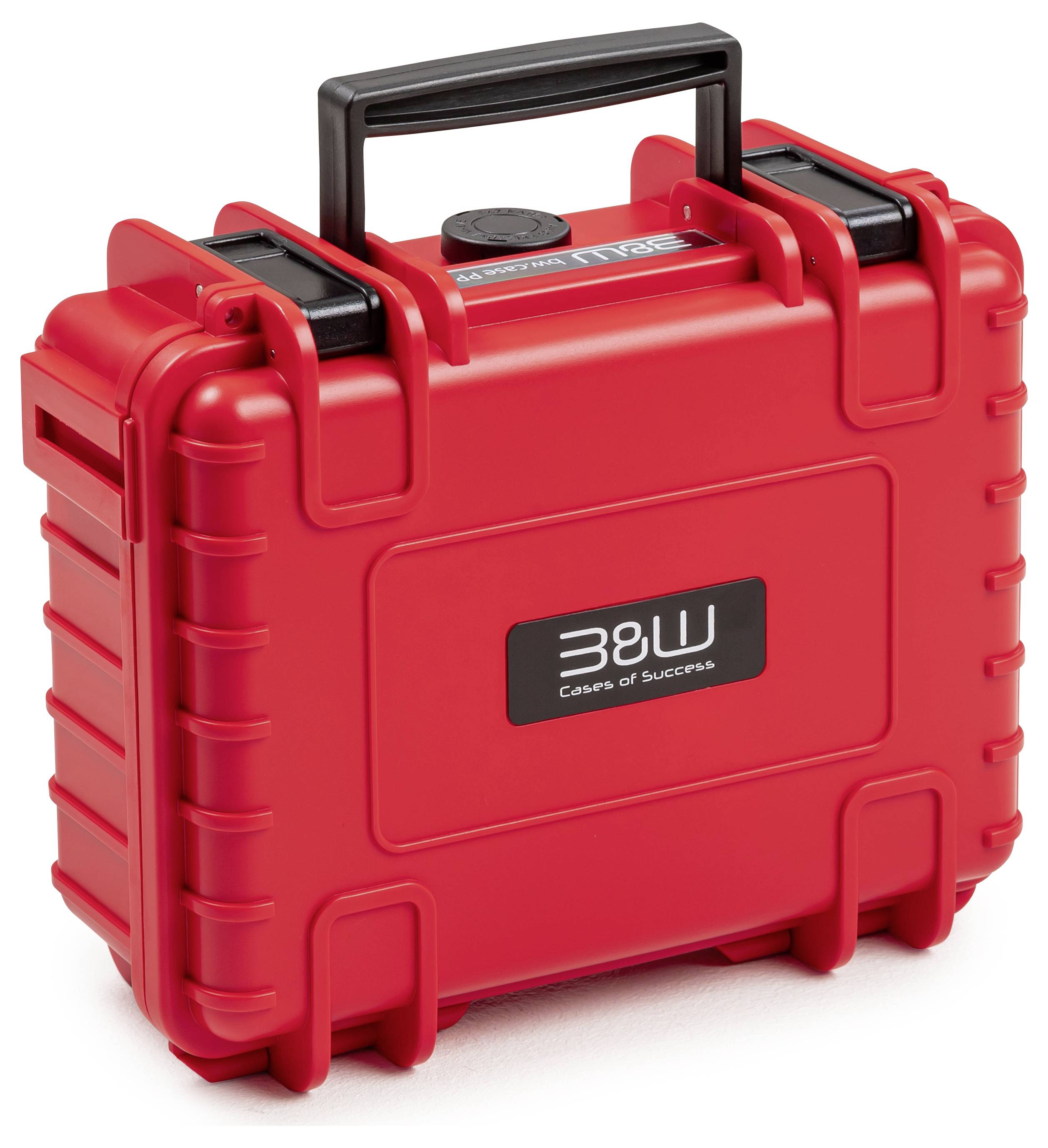 Ein roter, robuster Koffer mit schwarzem Griff und Verschlüssen. Auf der Vorderseite befindet sich ein Etikett mit dem Text '48 W'.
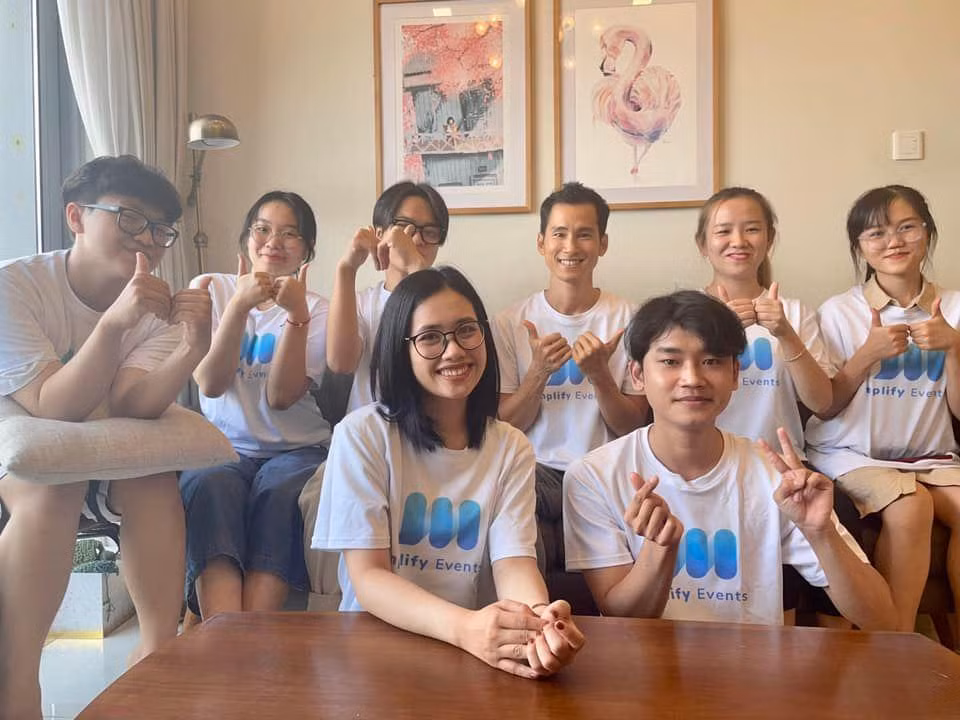 Anh Thành và các nhân sự gen Z trong công ty.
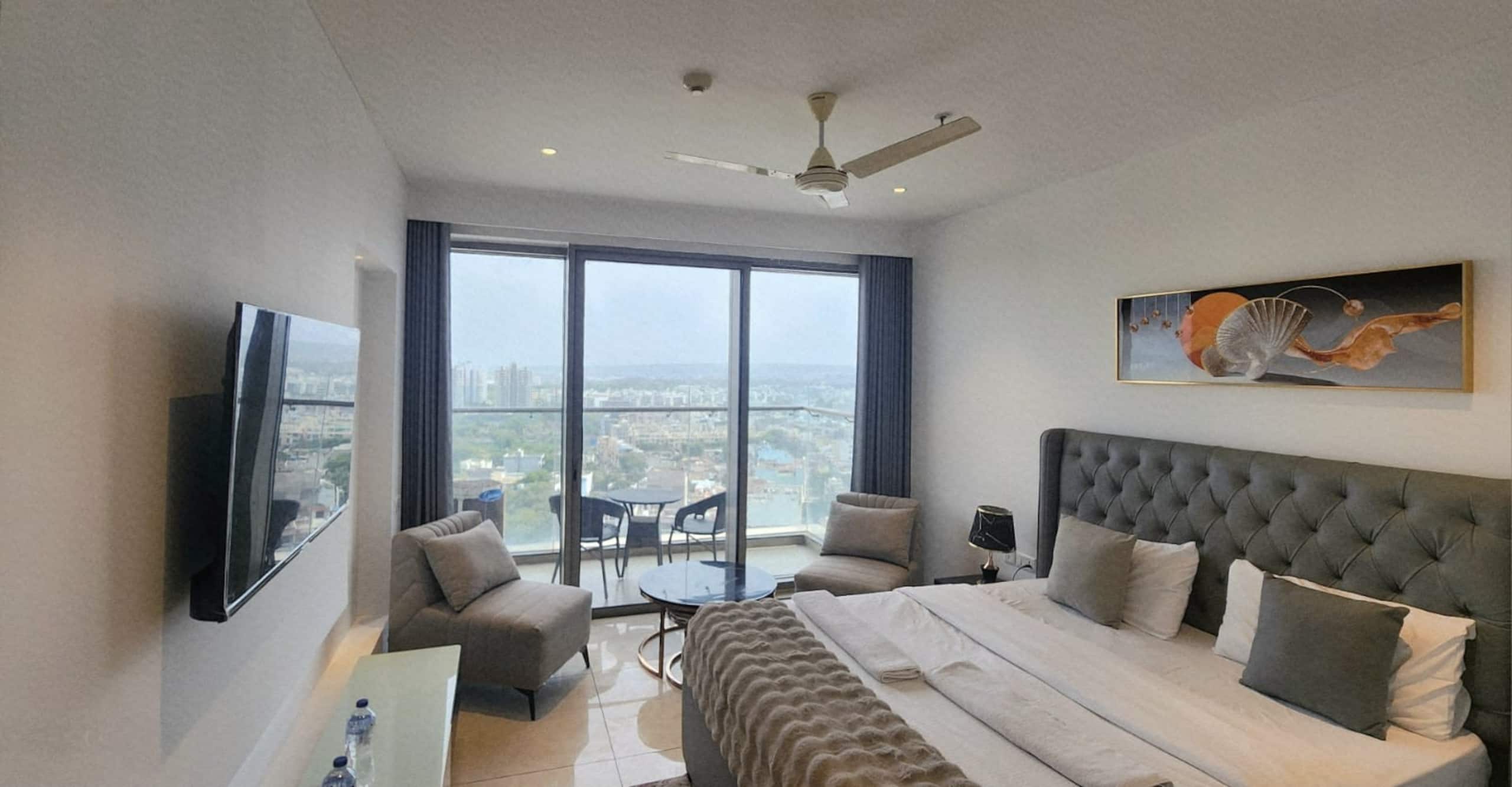 14 Furnishingnest suite with Balcony Infinity Pool 𝗕𝗢𝗢𝗞 Gurgaon Apartment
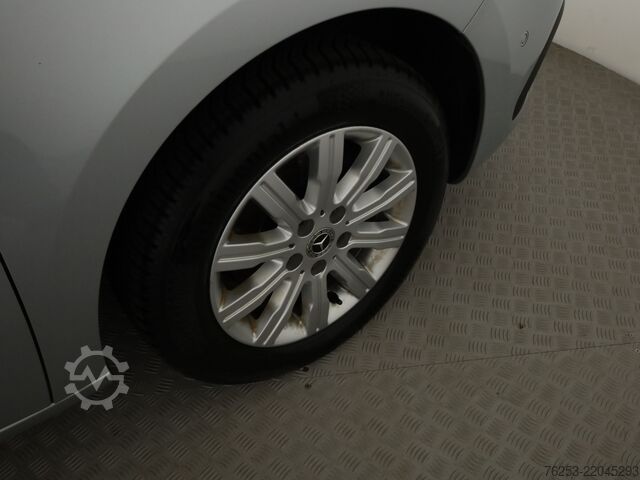 Минибус Mercedes-Benz T 180 d PROGRESSIVE Standard AUT DynLicht Kam.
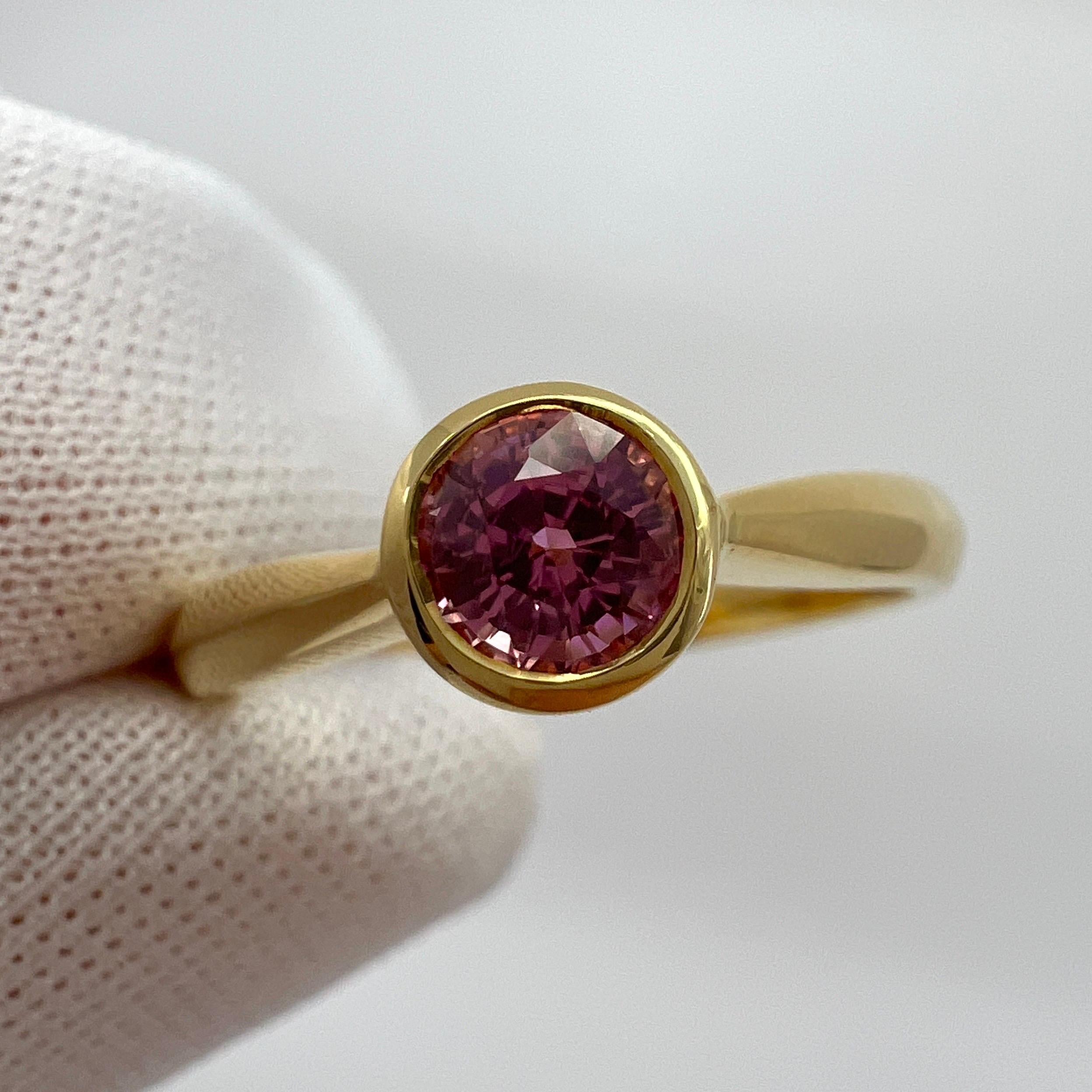 Fine Vivid Pink Sapphire Round Cut 18k Yellow Gold Solitaire Rubover Bezel Ring For Sale 2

▸ Work to complete
What is needed is an exact copy of only the lines above from the one with "Anh Thành và" to the one with "Минибус Mercedes-Benz T", both kept, with every picture left out.

▸ Solution for this exercise
 Anh Thành và các nhân sự gen Z trong công ty.
 14 Furnishingnest suite with Balcony Infinity Pool 𝗕𝗢𝗢𝗞 Gurgaon Apartment
 Минибус Mercedes-Benz T 180 d PROGRESSIVE Standard AUT DynLicht Kam.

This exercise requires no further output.